In our 2023 end-of-year update, we warned of geopolitical risk remaining a global disruptor. As we write 2024’s update, we still see geopolitical stress as the main headwind facing global markets in 2025, including real estate.
Trump’s approach to tariffs, the Russia-Ukraine war, conflicts in the Middle East and European political volatility will continue to weigh on the mind of all investors. Deglobalisation is no longer a predicted trend but a harsh certainty, and just as globalisation proved deflationary, we expect its reversal to prove inflationary.
Government deficits and extensive national debt levels are also causing concern and could lead to unexpected shocks to markets. These factors have serious implications for monetary policy globally, as central banks weigh up the choice between fighting rising prices and supporting flagging economies.

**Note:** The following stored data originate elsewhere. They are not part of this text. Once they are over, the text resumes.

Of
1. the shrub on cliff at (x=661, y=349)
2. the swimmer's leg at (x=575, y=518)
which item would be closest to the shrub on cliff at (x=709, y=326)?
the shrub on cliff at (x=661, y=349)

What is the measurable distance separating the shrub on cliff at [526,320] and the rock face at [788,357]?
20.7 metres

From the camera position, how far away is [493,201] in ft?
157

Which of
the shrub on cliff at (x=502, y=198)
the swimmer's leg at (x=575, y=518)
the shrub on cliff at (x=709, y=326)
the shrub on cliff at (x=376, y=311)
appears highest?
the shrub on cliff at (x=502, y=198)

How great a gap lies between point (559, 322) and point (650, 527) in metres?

That said, inflationary levels are much lower now than in 2022/23 and major central banks have started to cut rates. However, we should accept that inflation is likely to display volatility, with higher levels than we became accustomed to in the post-GFC era of quantitative easing. The same is therefore true with interest rates.
While this has major implications for the cost of capital, it is fair to say that certain real estate sectors should benefit by offering inflation protection and value growth. We see our preferred sectors – UK Living & Storage – as offering the best risk-adjusted opportunities.
A lack of clarity will lead many investors to sit on the sidelines, reducing competition for investment opportunities. As such, for experienced investors with capital available to deploy, the window to invest continues.
After 29 years as a value-add private equity real estate investment manager, we have faced many economic and real estate cycles and taken advantage of disruption and emerging sectors, so the future continues to hold exciting opportunity for the Moorfield team and its partners.
No doubt 2025 will continue to deliver us all a myriad of challenges – but we are confident that Moorfield will ‘thrive in 25’… and beyond.